In one aspect, the shares of convertible securities further comprise a provision to redeem the convertible securities from the investors after a second predetermined period if the contingent event has occurred. In one aspect, the provision to redeem the convertible securities from the investors after a second predetermined period if the contingent event has occurred further provides a price substantially equal to a liquidation preference. In one aspect, the commitment further comprises a provision to cancel the commitment if trading price of common stock of a company issuing the convertible securities declines below a predetermined threshold. In one aspect, the predetermined threshold is approximately 10% below the trading price of the common stock at the time of the commitment. In one aspect, the provision to redeem the convertible securities from the investors if within the first predetermined period the contingent event has not occurred further comprises providing a price substantially equal to a liquidation preference plus a percentage of an increase in a conversion value. In one aspect, selling the shares of convertible securities to the investors is a private placement under Rule 144A. In one aspect, selling the shares of convertible securities to the investors is a public placement. In one aspect, the shares of convertible securities further comprise a provision for converting the convertible securities to common stock of a company issuing the convertible securities. In one aspect, the convertible securities are preferred. In one aspect, the convertible securities are perpetual. In one aspect, the contingent event is an acquisition. In one aspect, the contingent event is a merger. In one aspect, the first predetermined period of time is substantially equal to one year. In one aspect, the second predetermined period of time is substantially equal to seven years. In one aspect, the shares of convertible securities further comprise a conversion premium determined at the time of the commitment. In one aspect, the conversion premium is based on price of common stock of a company selling the convertible security, which price is determined at the time the commitment is enforced.

In other various aspects, the invention provides a financing commitment agreement. The agreement comprises a provision whereby an investor agrees to purchase shares of convertible securities within a first predetermined period, and a provision for an issuer to redeem the convertible securities from the investors if within the first predetermined period a contingent event has not occurred.

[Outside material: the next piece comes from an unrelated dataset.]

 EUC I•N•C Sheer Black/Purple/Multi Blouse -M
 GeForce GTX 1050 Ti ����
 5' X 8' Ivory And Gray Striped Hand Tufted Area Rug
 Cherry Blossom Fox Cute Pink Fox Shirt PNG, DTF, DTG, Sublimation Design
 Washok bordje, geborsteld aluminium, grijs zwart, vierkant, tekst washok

In one aspect, the shares of convertible securities further comprise a provision to redeem the convertible securities from the investors after a second predetermined time if the contingent event has occurred. In one aspect, the provision to redeem the convertible securities from the investors after a second predetermined time if the contingent event has occurred further provides a price substantially equal to a liquidation preference. In one aspect, the system and method further comprise a provision to cancel the commitment if trading price of common stock of a company issuing the convertible securities declines below a predetermined threshold. In one aspect, the predetermined threshold is approximately 10% below the trading price of the common stock at the time of the commitment. In one aspect, the provision to redeem the convertible securities from the investors if within the first predetermined period the contingent event has not occurred further comprises providing a price substantially equal to a liquidation preference plus a percentage of an increase in a conversion value. In one aspect, purchase of the shares of convertible securities by the investors is a private placement under Rule 144A. In one aspect, purchase of the shares of convertible securities by the investors is a public placement. In one aspect, the shares of convertible securities further comprise a provision for converting the convertible securities to common stock of a company issuing the convertible securities. In one aspect, the convertible securities are preferred. In one aspect, the convertible securities are perpetual. In one aspect, the contingent event is an acquisition. In one aspect, the contingent event is a merger. In one aspect, the first predetermined period of time is substantially equal to one year. In one aspect, the second predetermined period of time is substantially equal to seven years. In one aspect, the shares of convertible securities further comprise a conversion premium determined at the time of the commitment. In one aspect, the conversion premium is based on price of common stock of a company selling the convertible security, which price is determined at the time the commitment is enforced.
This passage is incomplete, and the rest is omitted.